** Problem to work on **
In the records below, find the line containing "Em Manaus, rapaz"; give it again exactly, along with every line that follows, and nothing else.

** Dataset records **
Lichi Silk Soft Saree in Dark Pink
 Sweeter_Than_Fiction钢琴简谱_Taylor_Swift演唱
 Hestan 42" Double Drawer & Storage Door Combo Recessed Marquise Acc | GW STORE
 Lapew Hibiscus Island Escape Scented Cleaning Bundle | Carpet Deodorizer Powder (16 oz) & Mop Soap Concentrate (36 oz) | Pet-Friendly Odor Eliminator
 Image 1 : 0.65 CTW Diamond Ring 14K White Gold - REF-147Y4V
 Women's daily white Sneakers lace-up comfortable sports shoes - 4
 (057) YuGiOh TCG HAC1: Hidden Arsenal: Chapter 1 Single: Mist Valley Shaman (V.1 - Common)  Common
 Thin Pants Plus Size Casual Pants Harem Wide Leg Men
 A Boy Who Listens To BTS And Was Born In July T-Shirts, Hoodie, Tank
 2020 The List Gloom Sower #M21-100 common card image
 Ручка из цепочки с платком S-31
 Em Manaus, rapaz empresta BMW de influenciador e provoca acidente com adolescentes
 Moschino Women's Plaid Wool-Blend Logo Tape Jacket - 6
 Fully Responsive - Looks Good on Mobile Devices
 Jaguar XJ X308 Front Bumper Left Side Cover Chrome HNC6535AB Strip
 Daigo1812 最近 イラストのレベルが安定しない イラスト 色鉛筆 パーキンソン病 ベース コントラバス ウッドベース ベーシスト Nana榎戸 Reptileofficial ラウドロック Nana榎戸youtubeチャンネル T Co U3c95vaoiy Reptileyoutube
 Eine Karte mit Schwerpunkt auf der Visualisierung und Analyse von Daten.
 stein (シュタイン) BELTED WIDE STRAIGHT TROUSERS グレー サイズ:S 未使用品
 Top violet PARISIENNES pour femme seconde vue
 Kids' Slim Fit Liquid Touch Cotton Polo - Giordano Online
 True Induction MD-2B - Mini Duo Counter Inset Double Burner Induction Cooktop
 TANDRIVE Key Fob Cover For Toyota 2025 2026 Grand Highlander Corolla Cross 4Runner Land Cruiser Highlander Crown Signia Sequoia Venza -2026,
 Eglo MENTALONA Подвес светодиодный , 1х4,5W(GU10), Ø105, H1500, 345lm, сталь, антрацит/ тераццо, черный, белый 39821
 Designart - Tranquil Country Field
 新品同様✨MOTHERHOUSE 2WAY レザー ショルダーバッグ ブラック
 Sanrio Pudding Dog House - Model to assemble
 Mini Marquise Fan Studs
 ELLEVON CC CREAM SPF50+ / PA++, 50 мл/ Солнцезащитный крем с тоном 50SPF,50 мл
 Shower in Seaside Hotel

** Result below **
 Em Manaus, rapaz empresta BMW de influenciador e provoca acidente com adolescentes
 Moschino Women's Plaid Wool-Blend Logo Tape Jacket - 6
 Fully Responsive - Looks Good on Mobile Devices
 Jaguar XJ X308 Front Bumper Left Side Cover Chrome HNC6535AB Strip
 Daigo1812 最近 イラストのレベルが安定しない イラスト 色鉛筆 パーキンソン病 ベース コントラバス ウッドベース ベーシスト Nana榎戸 Reptileofficial ラウドロック Nana榎戸youtubeチャンネル T Co U3c95vaoiy Reptileyoutube
 Eine Karte mit Schwerpunkt auf der Visualisierung und Analyse von Daten.
 stein (シュタイン) BELTED WIDE STRAIGHT TROUSERS グレー サイズ:S 未使用品
 Top violet PARISIENNES pour femme seconde vue
 Kids' Slim Fit Liquid Touch Cotton Polo - Giordano Online
 True Induction MD-2B - Mini Duo Counter Inset Double Burner Induction Cooktop
 TANDRIVE Key Fob Cover For Toyota 2025 2026 Grand Highlander Corolla Cross 4Runner Land Cruiser Highlander Crown Signia Sequoia Venza -2026,
 Eglo MENTALONA Подвес светодиодный , 1х4,5W(GU10), Ø105, H1500, 345lm, сталь, антрацит/ тераццо, черный, белый 39821
 Designart - Tranquil Country Field
 新品同様✨MOTHERHOUSE 2WAY レザー ショルダーバッグ ブラック
 Sanrio Pudding Dog House - Model to assemble
 Mini Marquise Fan Studs
 ELLEVON CC CREAM SPF50+ / PA++, 50 мл/ Солнцезащитный крем с тоном 50SPF,50 мл
 Shower in Seaside Hotel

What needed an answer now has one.